* [Directions]:
Beginning with the line containing "Ford focus wagon", write out each line exactly through the end of the listing, and skip all pictures.
:: Input for this task ::
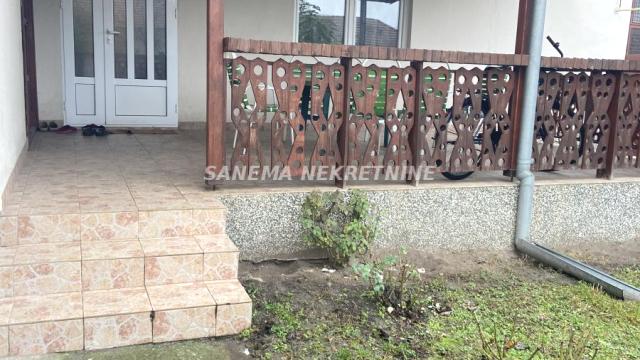 Kuća, Prodaja, 215m2, Mlake, Gradska lokacija, Sombor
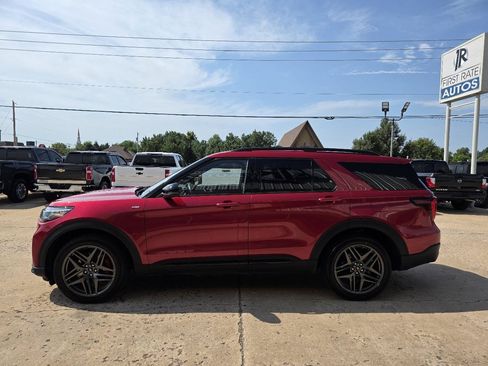 Used 2025 Ford Explorer ST-Line w/ ST-Line Street Pack AWD/4WD image 4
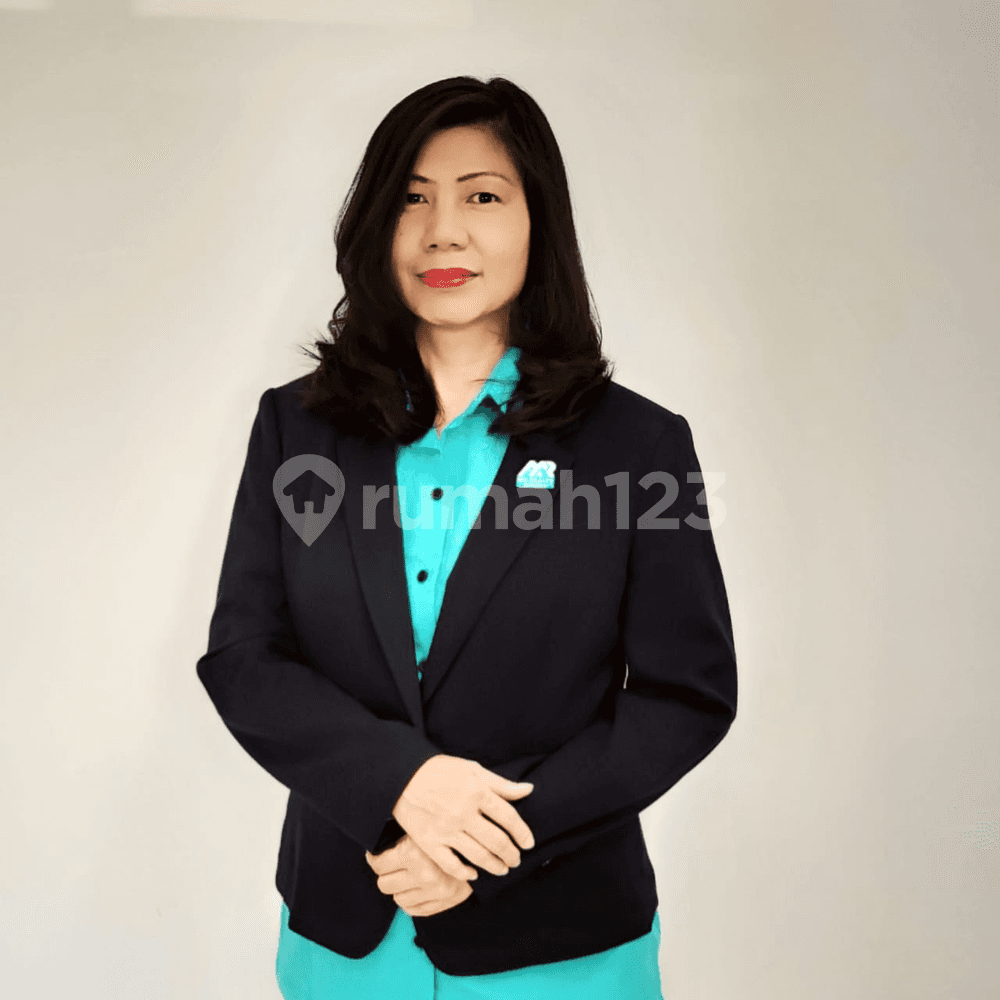 Leny MR Realty | Agen Properti MR Realty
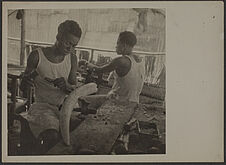 Artisan travaillant l'ivoire. Douala, Cameroun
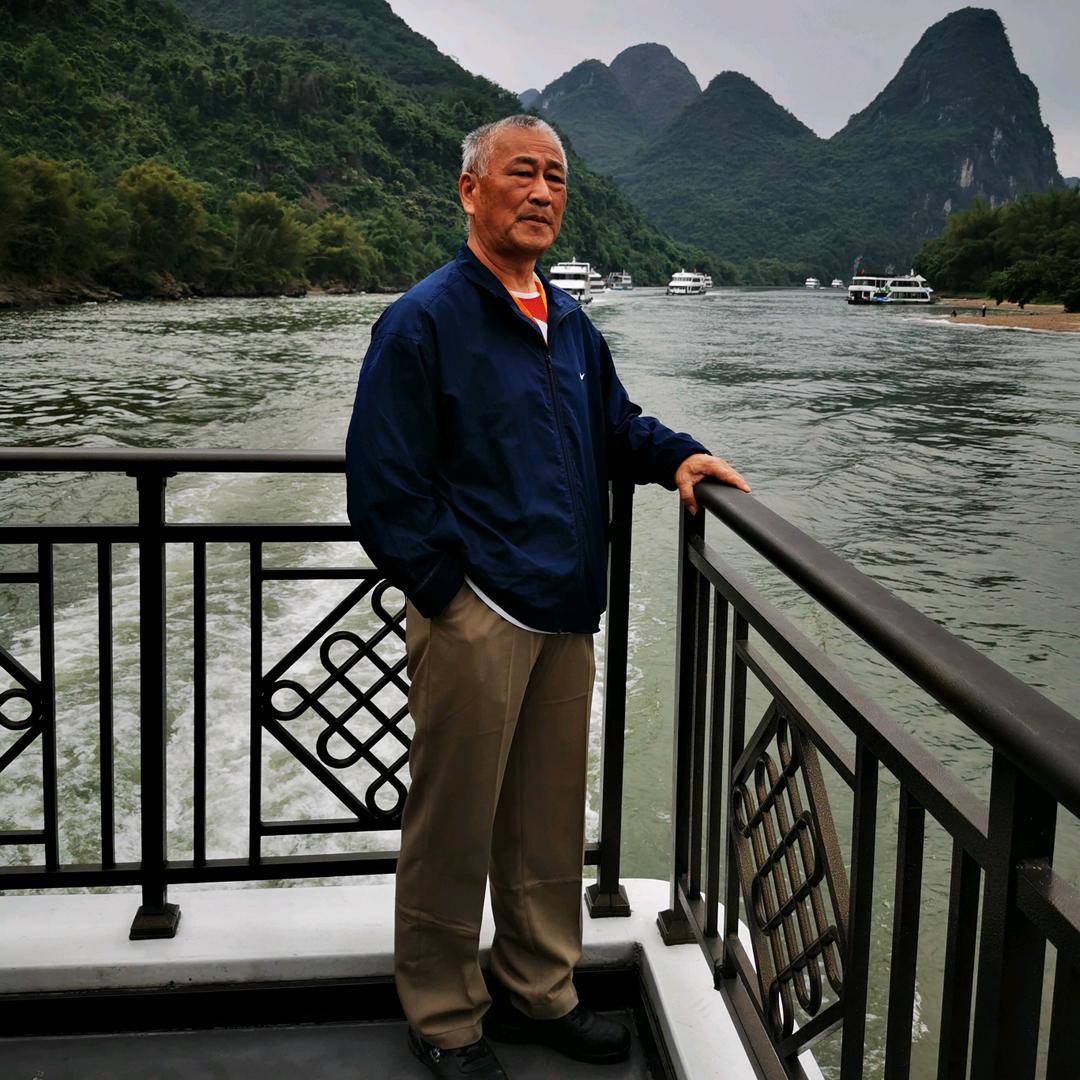 眼望世界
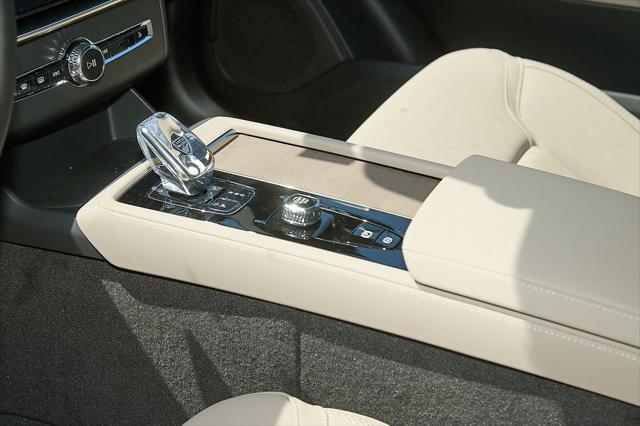 new 2026 Volvo XC90 car, priced at $62,275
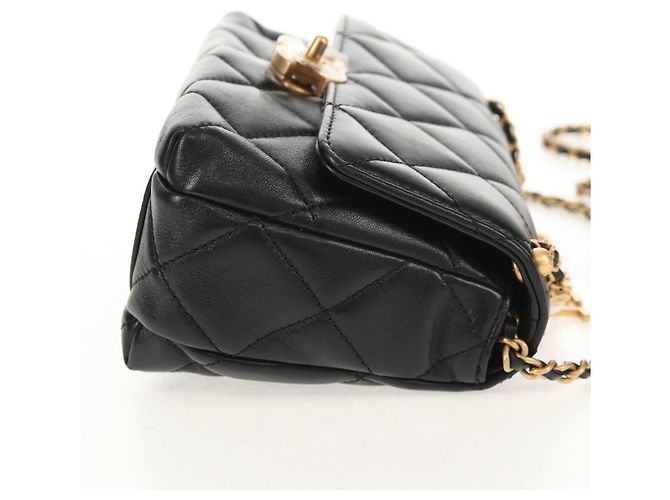 CHANEL Borsa a Catena Matelassé con Charm Perla Pelle di Agnello Nero Oro CC Auth 146362SM D'oro - vista 4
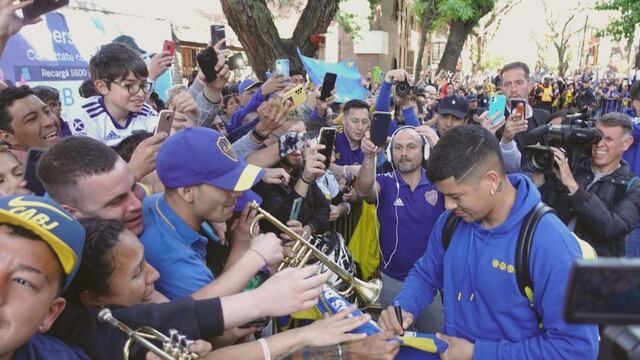Boca Juniors llegó a Mendoza y las calles se tiñó de azul y oro. Marcos Rojo el más buscado por los hinchas.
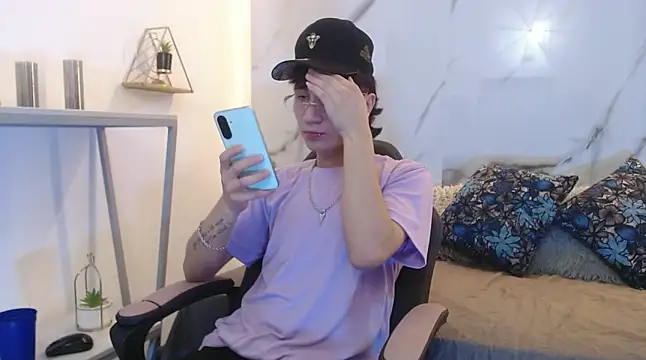 XanderGrey8 online show from April 12, 2026, 8:01 pm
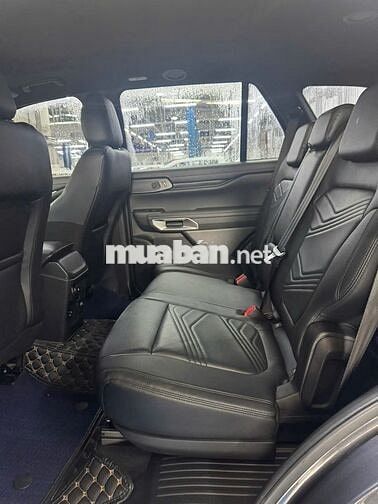 FORD EVEREST TITANIUM 1 CẦU 2022 - 35000 km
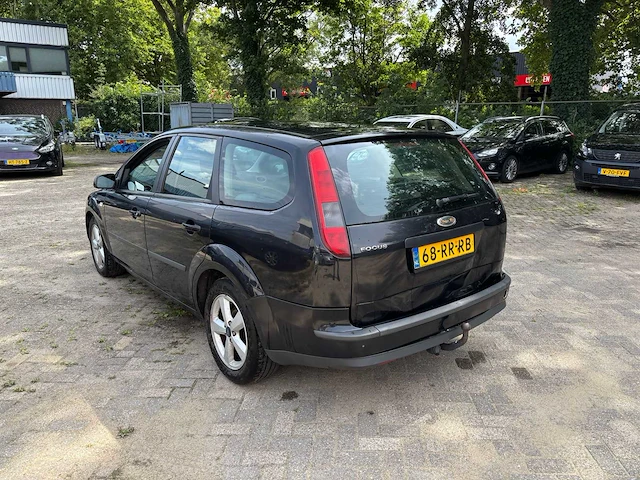 Ford focus wagon 1.6 16v futura, 68-rr-rb - afbeelding 12 van  14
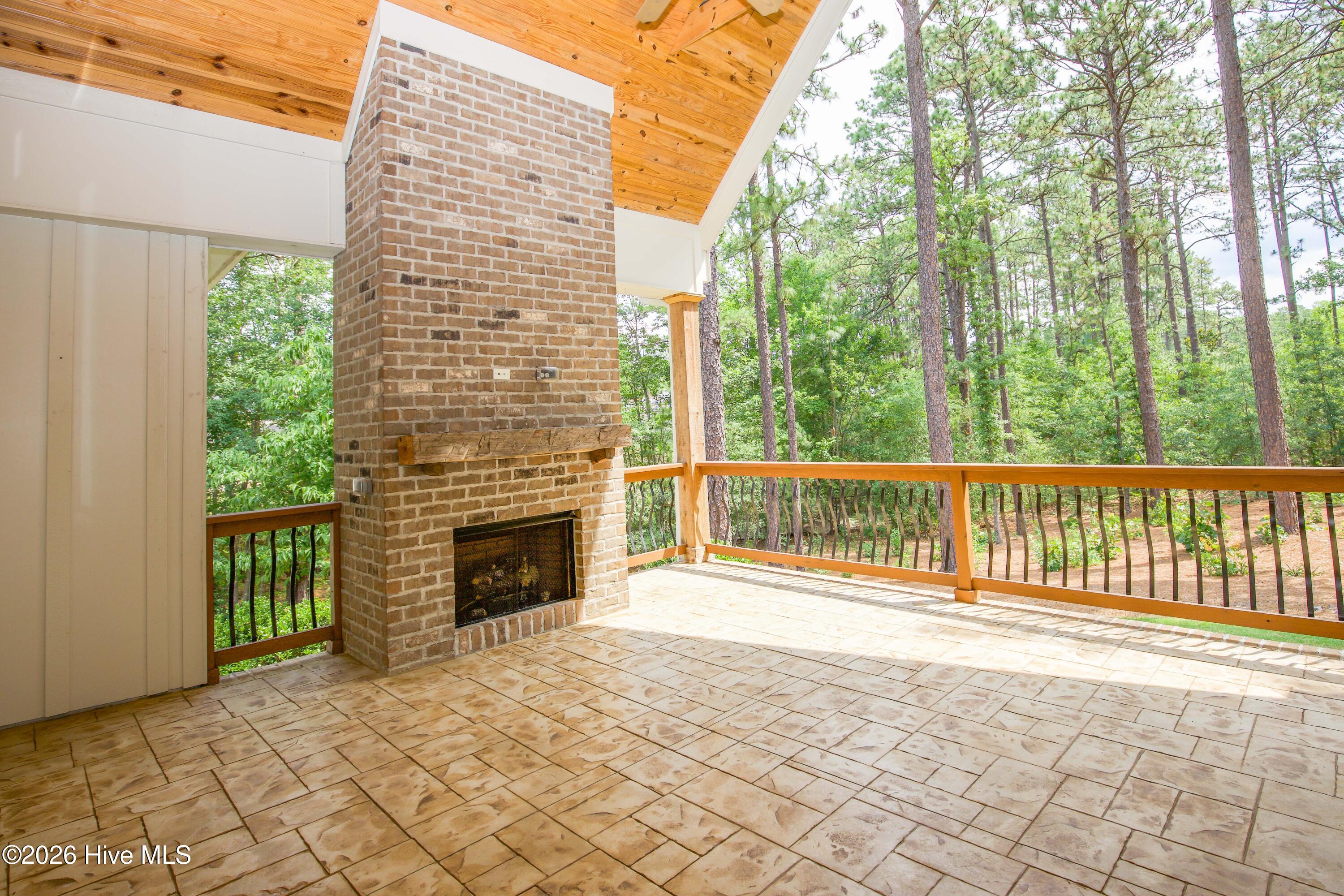 102 Greystones Court Property Photo 22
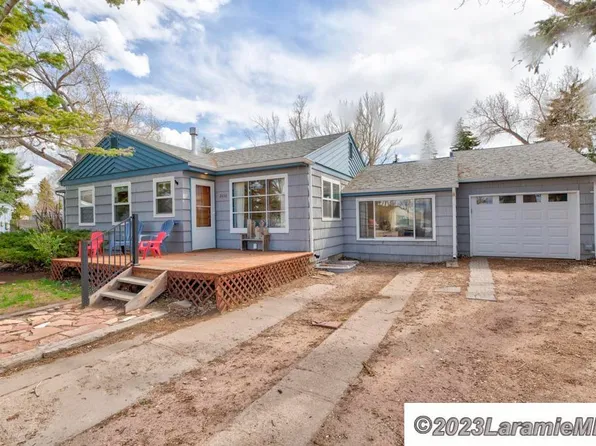 2016 Sheridan St, Laramie, WY 82070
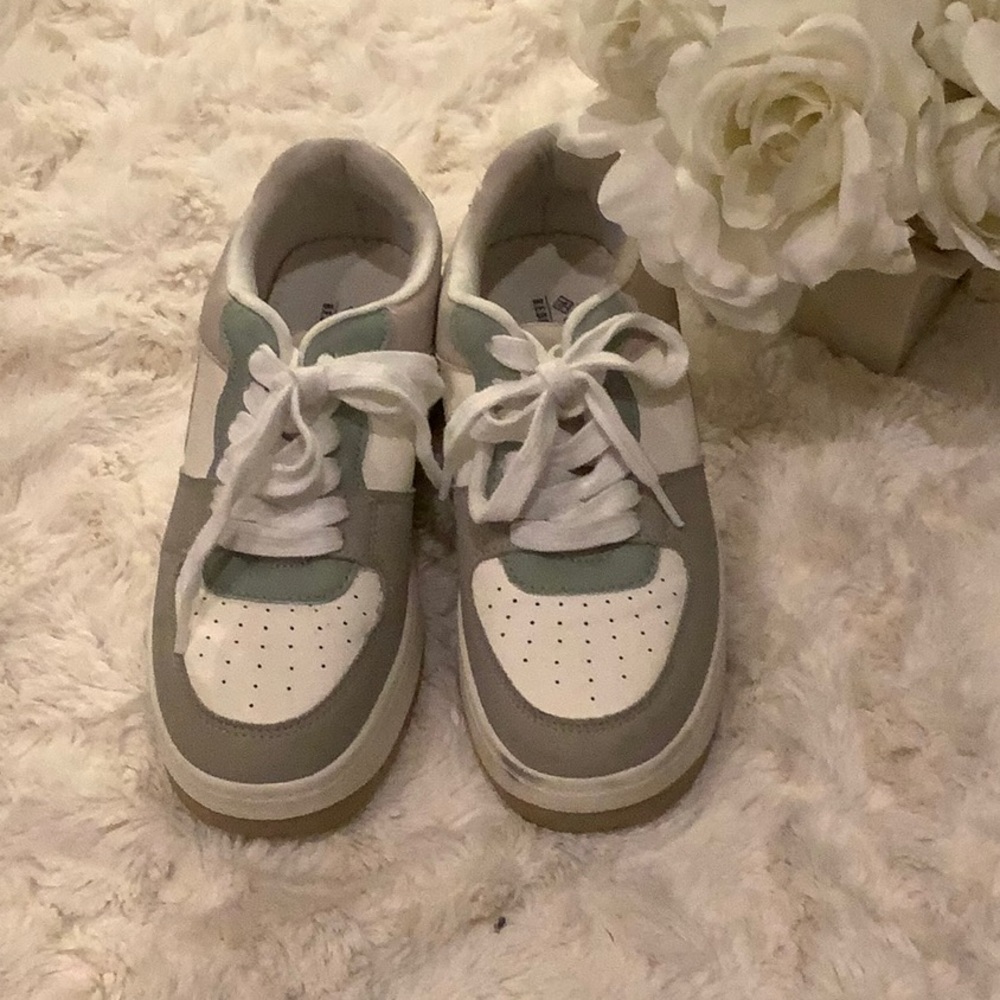 Preloved call it spring sneakers size 5 1/5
:::
* [Response area]:
 Ford focus wagon 1.6 16v futura, 68-rr-rb - afbeelding 12 van  14
 102 Greystones Court Property Photo 22
 2016 Sheridan St, Laramie, WY 82070
 Preloved call it spring sneakers size 5 1/5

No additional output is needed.